Alors arrive le moment tant attendu de la soirée avec l’entrée en scène de Phil Woods et de Steve Lacy. Leur démarche hésitante présage le pire et confirme les rumeurs au sujet de leurs soucis de santé. Quel contraste avec la vivacité de Solal, bien que celui-ci soit plus âgé. Cela dit, leur jeu ne semble pas en pâtir. Le quintet joue une suite que le pianiste a écrite pour l’occasion, « Pour Lincoln ». La première section aurait très bien pu avoir été composée par Lacy et vers sa conclusion les deux saxophonistes nous montrent ce dont ils sont capables. Un échange bien ciselé les amène lentement à reprendre le thème à l’unisson. L’intro du deuxième segment provoque les rires du public et vaut à elle seule le prix de l’entrée. Les hululements de Woods répondant aux piaillements de Lacy donnent l’impression de deux oiseaux qui se font la cour durant la période des amours. Le trio du pianiste les rejoint finalement et tisse une toile dansante derrière eux. L’ultime partie ouvre avec Solal seul au piano qui prend tout le monde à contre-pied avec des interventions fluides et pleines de charme. Une fois le quintet reconstitué, Lacy s’offre un coup d’éclat avec un solo sinueux et elliptique au bord de la rupture, les Moutin restant constamment sur le qui-vive.

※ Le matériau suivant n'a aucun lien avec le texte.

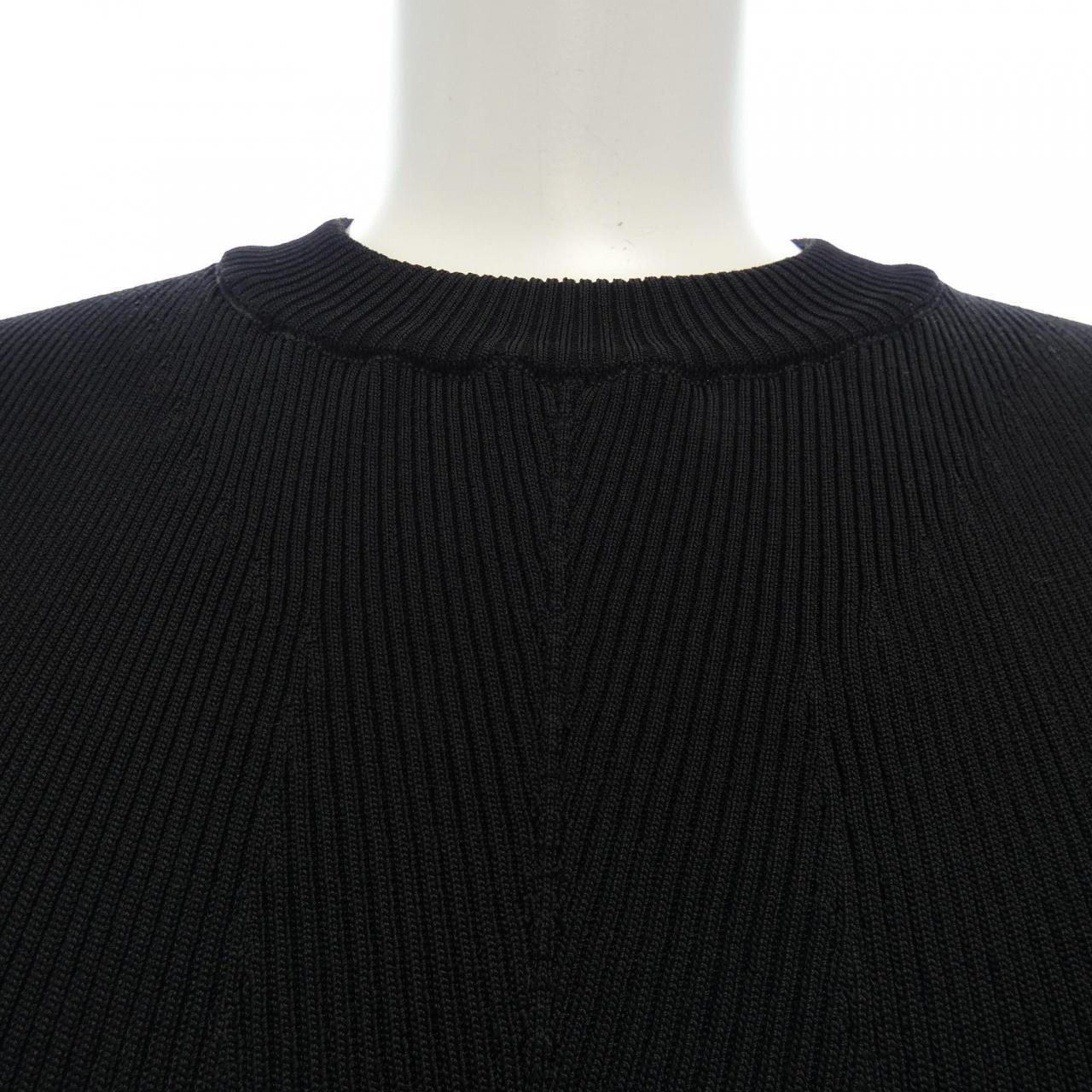 シャネル CHANEL ワンピース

L’ovation bien méritée encourage les musiciens à revenir pour un rappel qui est l’occasion de saluer les relations particulières que Woods et Lacy entretiennent avec la musique de Monk. Le groupe nous concocte alors un « Well You Needn’t » haut en couleur. Woods, décidément très en jambes, ponctue son solo de multiples références. François Moutin met en avant son son gras en puisant dans le registre le plus bas de son instrument. Woods ne manque pas de remarquer les variations infinies que le contrebassiste propose et lui montre son approbation d’un pouce levé enthousiaste. Enfin, les saxophonistes se livrent à nouveau à un bel échange tandis que Lacy est à son plus mélodique et Woods se tient en contrepoint. L’interprétation de cette composition de Monk est bien la cerise sur le gâteau. À l’idée que deux musiciens de la stature de Woods et Lacy se rencontrent, il est normal d’éprouver un mélange de trépidation et d’appréhension, car leurs styles ne peuvent être plus différents. Les espoirs n’auront pas été déçus—loin de là. Les deux hommes se sont livrés à fond, Woods faisant d’ailleurs l’effort de se déplacer sur le terrain de Lacy. Ce succès n’aurait bien sûr pas été possible sans l’intelligence de Solal. Son jeu économe a ouvert de nombreuses possibilités pour les deux souffleurs. Et en véritable gentleman, il n’a pas essayé d’éclipser ses deux amis qui en retour lui ont signifié leur reconnaissance en donnant le meilleur d’eux-mêmes.

Pour les New-Yorkais qui ont préféré rester chez eux plantés devant la télé pour suivre le sixième match des World Series de baseball, la soirée a été doublement cruelle. Outre la défaite des Yankees qui voit les espoirs de leur équipe chérie de gagner le championnat s’envoler, ils ratent un concert qui restera dans les mémoires.